Bones and joints
Healthy bones do wonders for your body!1 They keep you standing upright and protect your organs.1,2 Your joints also do an incredible job of holding all your bones together and allow us to move and stay flexible!3
Keeping your bones and joints strong
A holistic approach to healthy living is one of the best ways to maintain healthy bones and joints.1 Bones gradually lose their density as you get older, but there are some lifestyle changes you can make to help your bones and joints remain strong and healthy.4
Eating a balanced and nutritious diet can help you get the nutrients you need to keep your joints and bones healthy.5 For example, dairy foods rich in calcium such as yoghurt and cheese can help your bones maintain their strength.4,6
Keeping active is another way that can help your bones and joints stay strong. The more you use your bones, the stronger they will get!4
Your Bone Health Regimen
Feed your joints and bones
Devour some dairy
Calcium is important for healthy bones, and dairy foods like milk, cheese and yoghurt are full of it4,6
Vitamin D helps your body absorb calcium so it can be delivered to your bones – eggs, saltwater fish and liver are a great source of vitamin D.5 Your body can also make its own vitamin D if you just spend a little bit of time in the sun every day.4
Eat your greens
The health benefits of leafy greens and vegetables are already well known, but these foods also have high levels of vitamin K, which is known to keep bones strong5
Reduce salt intake
Salt can cause your body to lose calcium faster than usual – try to limit your daily salt intake, don’t add it to your food and check the labels when shopping to make sure what you buy has less than 120mg of sodium per 100g4
Benefit your bones
Enjoy the sunshine
Our bodies naturally produce vitamin D (which helps our bodies absorb calcium for bone strength) when our skin is exposed to sunlight – to produce enough vitamin D try to spend a few minutes in the sun every day in the summer and a few hours throughout the week in winter4
Fizzy drinks like cola, alcohol and coffee can reduce the amount of calcium your body absorbs and may weaken bones – try to limit these drinks where you can and if you can, swap them out for water4
Get your body working
Exercises that make your body support its own weight and work against gravity (such as running or tennis) will encourage the bones that you use to strengthen5
Smoking can reduce bone density and can lead to easier fractures – quit smoking to help your bone health7
Our immune system is both complex and remarkable.2 There are a few things that you can do to help strengthen your body’s first line of defence.2
Do you want to get to the end of the day and still have a spring in your step? Enjoy more activity in your everyday by changing a few of your daily habits.
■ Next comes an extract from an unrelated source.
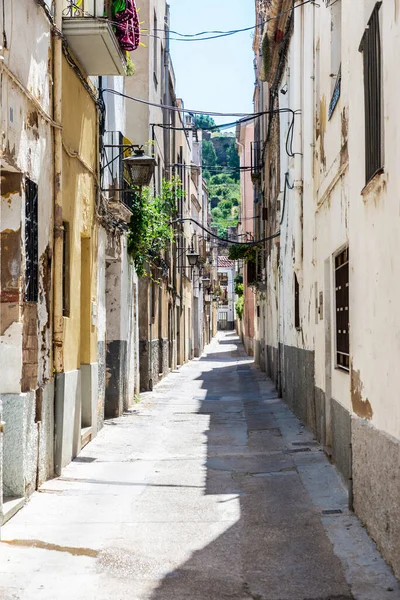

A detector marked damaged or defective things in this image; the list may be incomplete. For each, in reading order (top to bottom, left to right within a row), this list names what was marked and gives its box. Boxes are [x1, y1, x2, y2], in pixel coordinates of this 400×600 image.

1. Health Direct. Bones, muscles and joints. Available at: https://www.healthdirect.gov.au/bones-muscles-and-joints [Accessed October 2020].
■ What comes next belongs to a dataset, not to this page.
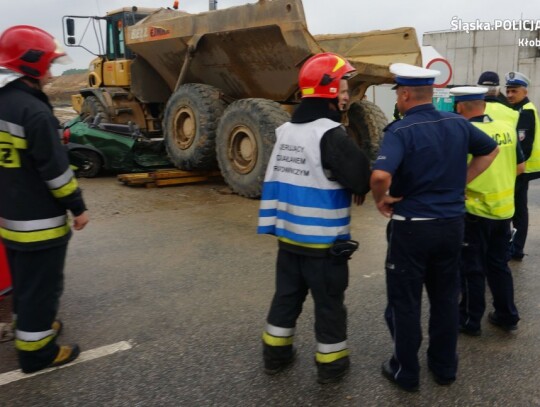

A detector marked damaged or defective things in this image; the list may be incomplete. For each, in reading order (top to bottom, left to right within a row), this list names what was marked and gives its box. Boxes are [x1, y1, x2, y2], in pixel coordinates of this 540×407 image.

crushed green car [63, 116, 173, 177]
2. Better Health Channel – Victoria State Government. Bone marrow. Available at: https://www.betterhealth.vic.gov.au/health/ConditionsAndTreatments/bone-marrow [Accessed October 2020].
3. Better Health Channel – Victoria State Government. Joints. Available at: https://www.betterhealth.vic.gov.au/health/ConditionsAndTreatments/joints [Accessed October 2020].
4. Health Direct. Bones, muscles and joints. Available at: https://www.healthdirect.gov.au/healthy-bones [Accessed October 2020].
5. Harvard Health. Keeping bones strong. Available at: https://www.health.harvard.edu/staying-healthy/keeping-bones-strong [Accessed October 2020].
6. Osteoporosis Australia. Calcium. Available at: https://www.osteoporosis.org.au/calcium [Accessed October 2020].
7. NSW Health. How to keep your bones healthy and avoid fractures. Available at: https://aci.health.nsw.gov.au/__data/assets/pdf_file/0011/592697/ACI-MSK-ORP-HealthyBones.pdf [Accessed October 2020].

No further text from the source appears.